GV: Het vreedzame protest op 4 januari veranderde op 5 januari in een rel. Hoe kon dit gebeuren?
Sharipov: Op 5 januari aan het eind van de morgen gingen we terug naar het Plein van de Republiek in het stadscentrum. Daar bevond zich een ander publiek. De akimat (het stadhuis) stond al in lichterlaaie. Drie brandweerwagens arriveerden, met mensen die Kazachse vlaggen om hun hoofd hadden gedrapeerd. De menigte volgde hen. Vervolgens verscheen er een pantserwagen die naar de presidentiële residentie werd gedirigeerd, vlakbij de brandende akimat. Inmiddels had de menigte zich tegen de politie gekeerd. Er werd al geschoten en we zagen gewonde mensen in een plas bloed liggen.

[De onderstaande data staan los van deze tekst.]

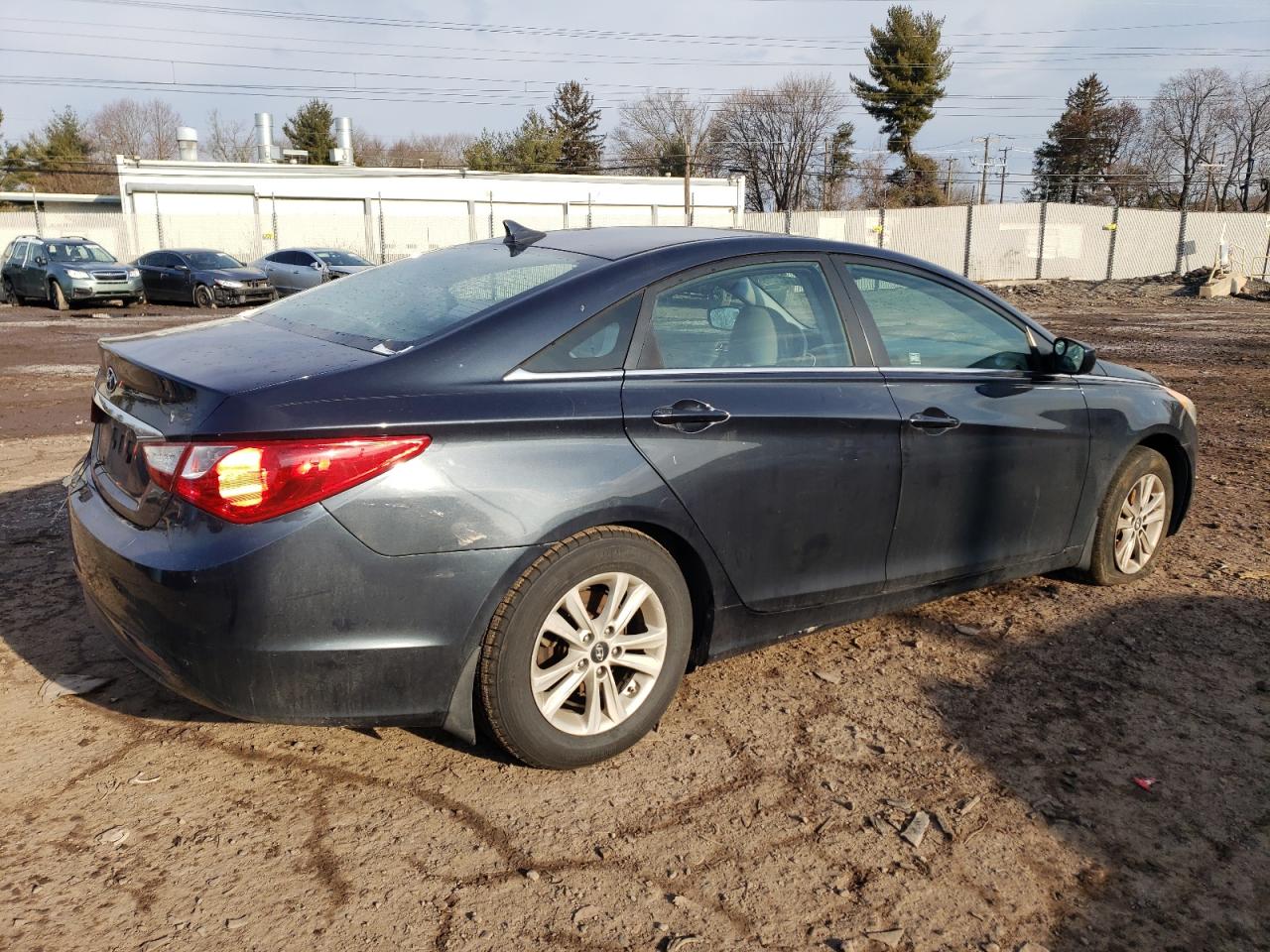 Photo 2 VIN: 5NPEB4AC4BH298106 - HYUNDAI SONATA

GV: Wat gebeurde er daarna en de volgende dag?
Sharipov: Wij verlieten het plein. De chaos was ondraaglijk en we waren doodsbang. De volgende dag verzamelden zich andere activisten op vreedzame wijze met spandoeken waarop ze de politie smeekten om niet te schieten. “Wij zijn gewone mensen. Wij zijn geen terroristen!!! Maar de kogels vlogen hen om de oren. Op dat moment hadden we niets meer met de protesten van doen.

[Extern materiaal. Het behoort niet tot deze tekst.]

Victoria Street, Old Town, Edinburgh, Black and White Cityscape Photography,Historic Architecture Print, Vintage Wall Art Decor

GV: Toen enige dagen later het internet weer werkte, was je het doelwit van een politiek verslaggever en werd je regelrecht aangevallen door Tokayev, die de schuld van de rellen bij de activisten, de verdedigers van mensenrechten en de journalisten legde. Wat denk je wat er daarna gaat gebeuren?

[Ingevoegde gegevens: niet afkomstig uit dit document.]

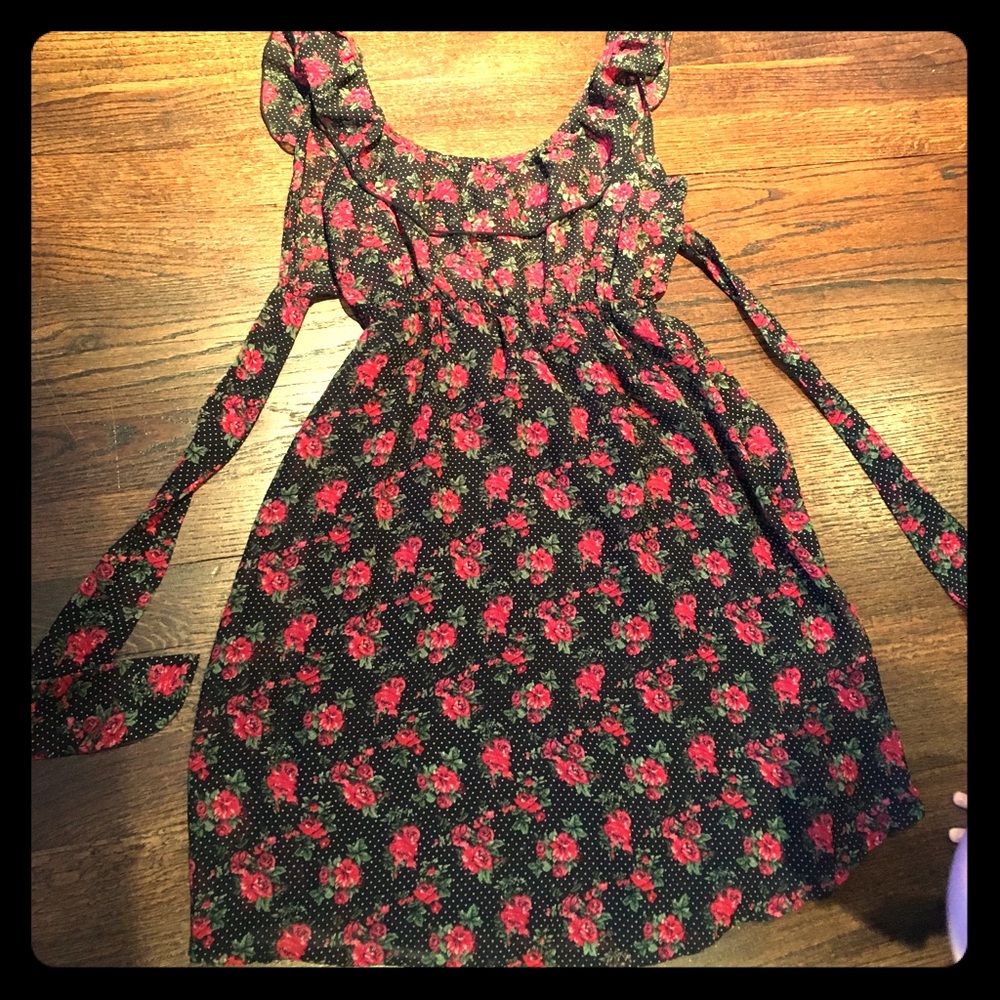 Polka Dot &a Roses Dress 🌹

Sharipov: We stoppen absoluut niet met ons activisme. We hebben de beschuldigingen aangehoord en verwerpen ze. Sinds de oprichting drie jaar geleden hebben we nooit de wet overtreden. Tokayev's toespraak heeft inmiddels gevolgen gehad. Journalisten in het hele land zijn vastgezet en ondervraagd over het verslaan van de protesten. We zijn bang dat we nu het volgende slachtoffer zijn. We zijn duidelijk bekend bij de autoriteiten. Toen ik op het plein stond, werd ik geobserveerd, omdat ik een rood jack droeg. Ze wisten wie ik was.
Zoals het er nu uitziet gaan we door met ons activisme en we doen ons best om onze boodschap nog beter over te brengen en onze afwijzing van geweld met het woord kracht bij te zetten. We weten niet wat onze elites en het systeem zelf te wachten staat, maar we denken niet dat ons leven er gemakkelijker op zal worden.